Our patriarch this time is Kristian, a geologist in the village of Geiranger, Norway who is about to move with his family to a larger city in order to work for an oil company.  During his last day on the job, some of his research station’s sensors go offline to the bewilderment of his colleagues, but Kristian eventually realizes that this is the harbinger of a mountain’s collapse that will cause a tsunami to wipe out the tiny village.  His co-workers believe him to be overreacting, but soon enough the disaster strikes, leaving Kristian to save his young daughter on an escape route out of the city, and his wife Idun to protect their teenage son in a hotel within Geiranger itself.

What The Wave does remarkably well is build tension, using character drama to escalate conflict between Kristian and Idun, as well as place Kristian as tragic figure talked out of his foresight.  These characters aren’t necessarily that deep, but they are example of how to use archetypes as a starting point for character development rather than leave them as audience cyphers.  The titular tsunami doesn’t even arrive until halfway through the film, and I was never bored in the moments leading up to that event.  As for the wave itself, for a film costing only $8 million, it looks a hell of a lot more convincing than many Hollywood disaster flicks that cost more than ten times as much.  The devastation feels real, which is necessary and unfortunately lacking if most of this film’s brethren.

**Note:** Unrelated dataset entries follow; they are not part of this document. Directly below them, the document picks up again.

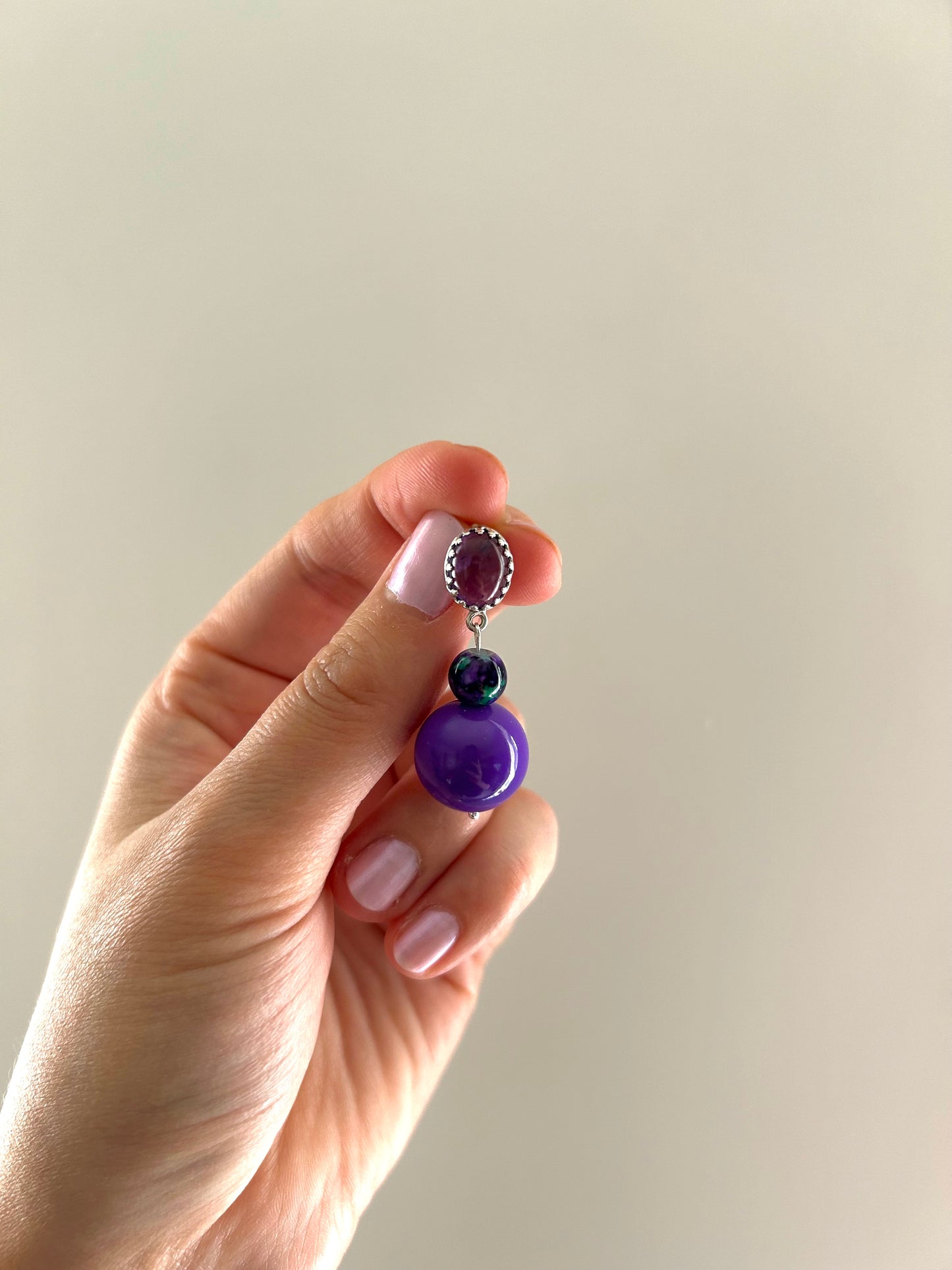 Purple Amethyst Drop Earrings
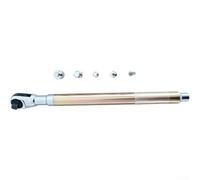 CARMOTTER liquet étendue dorée de 1,3 cm avec poignée de 43 cm de long pour espaces restreints - Outil pneumatique manuel en acier Cr-V avec adaptateurs pour réparation automobile, garage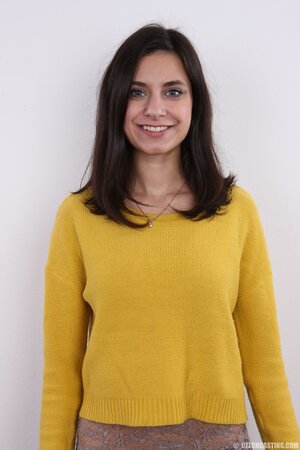 A dildo will probably be entering and exiting her pussy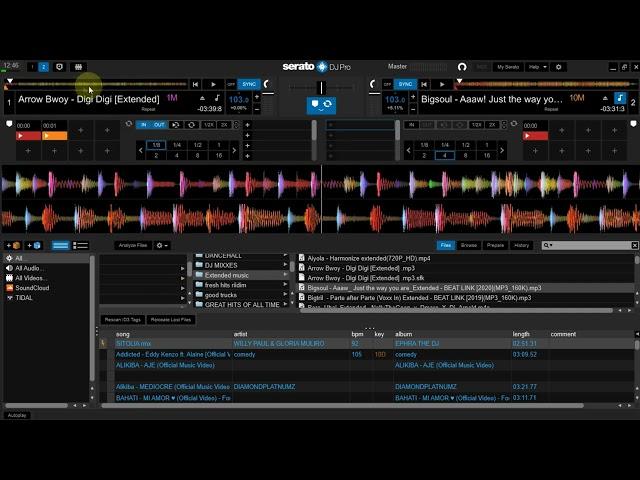 How to scratch in serato dj pro using keyboard and Hotcue your tracks easily for best  transition.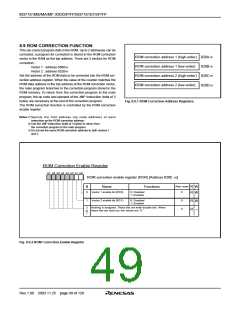 浏览型号M37161EFSP的Datasheet PDF文件第49页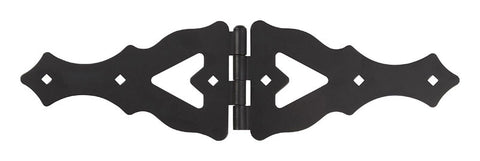 Ace 10 in. H 10 in. Black 1 Ornamental Strap Hinge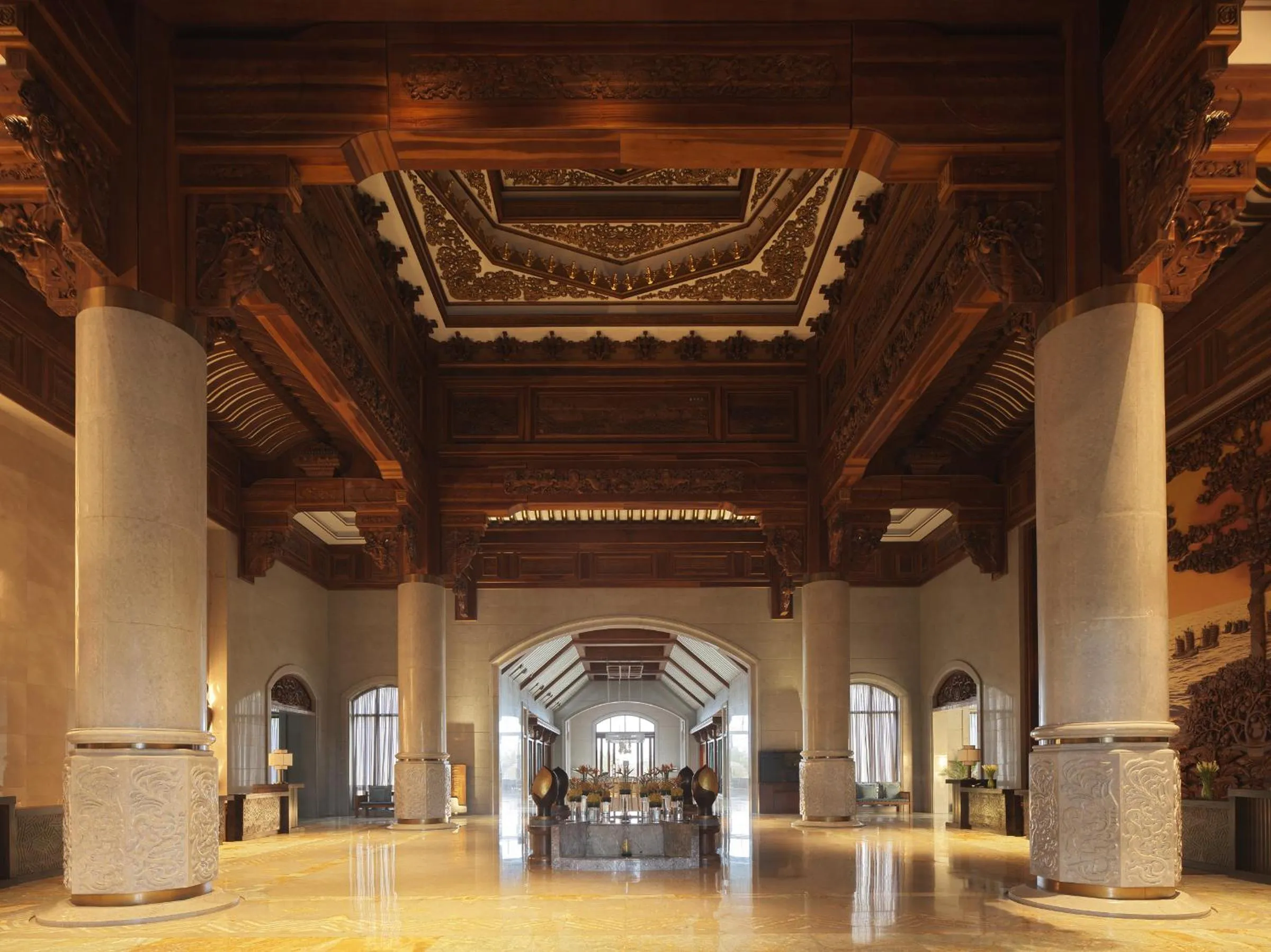 Lobby or reception in Fairmont Sanya Haitang Bay
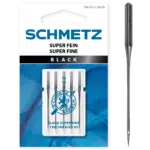 Schmetz Black Super Fine 5 naaimachinenaalden dikte 70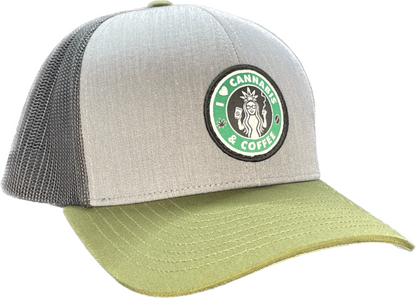 Tri-colored low profile snapback with logo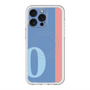 スリムプロテクションプレミアムケース with MagSafe［ オリジナル - initial color line - O blue ］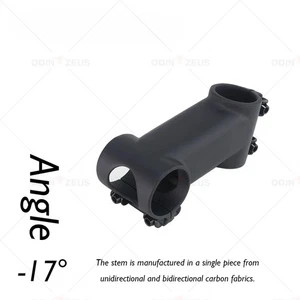 Light Weight Carbon Fiber Computer Mount Stand Road MTB Bike Stem 6/17 Degree   - Picture 1 of 43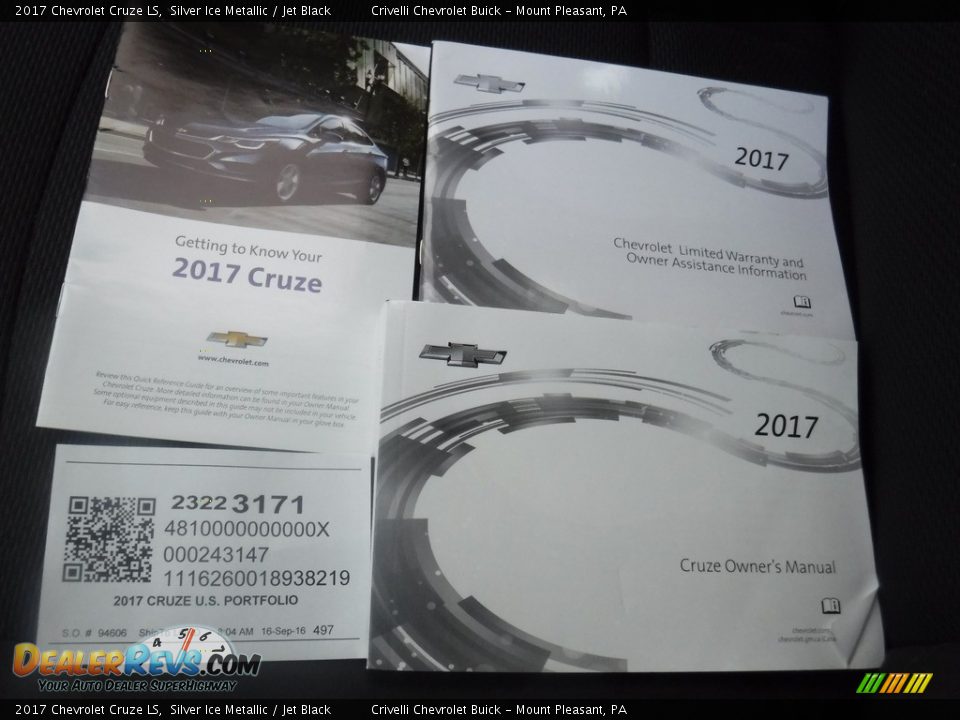 2017 Chevrolet Cruze LS Silver Ice Metallic / Jet Black Photo #28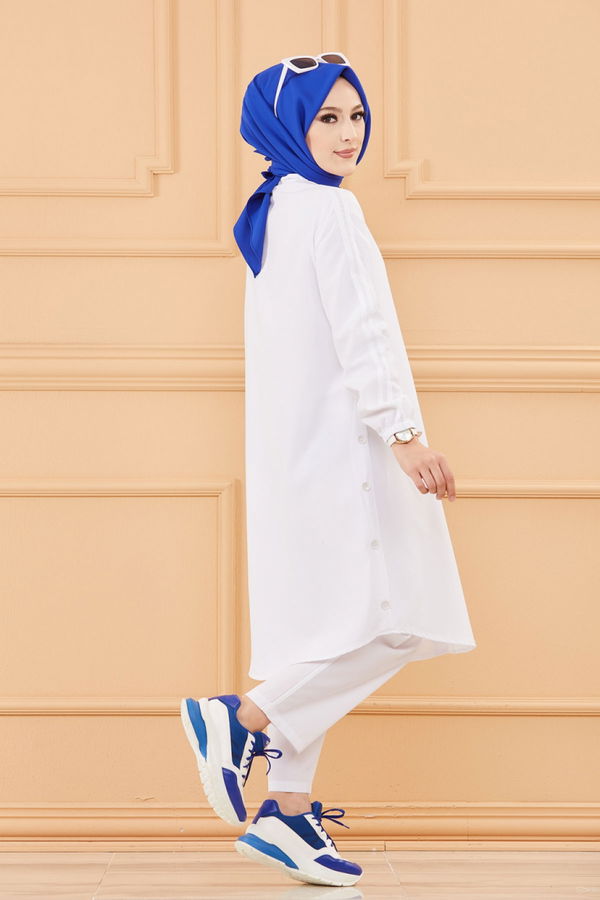 TUNIK PANTOLON Beyaz - 3577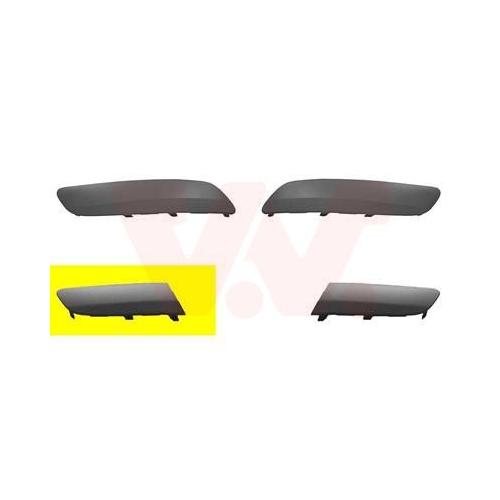 Bandou bara protectie Vw Golf 5 Variant (1k5), Jetta 3 (1k2) Van Wezel 5886584 parte montare : dreapta, fata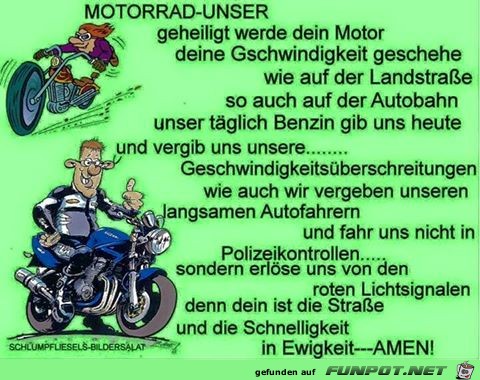 Motorrad-Unser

The Wave isn’t without its faults though, and they are mostly due to the film’s continued devotion to genre convention.  After the wave hits, Kristian’s journey to find his lost wife and son feels more than a little aimless and contrived, though Idun’s struggle still remains compelling and even shockingly violent, giving the two leads an appropriate balance of survival chops regardless of gender.  But by the end of the film, the patriarch is still the one to save the day, and an appropriately dark ending is supplanted by a saccharine climax that made my eyes roll.  Furthermore, for how much character development took up the first half of the film, these characters deserved much more of an epilogue than they received, the film cutting to credits just after they are all reunited.


But for its faults, The Wave is a surprisingly entertaining film.  It doesn’t transcend its chosen genre, but it knows how to use the tropes of its genre effectively, and an entertaining movie is the result.  If you can find a theater playing this Norwegian film near you, I definitely recommend it for the water special effects alone.  It’s a fun time, nothing more, nothing less.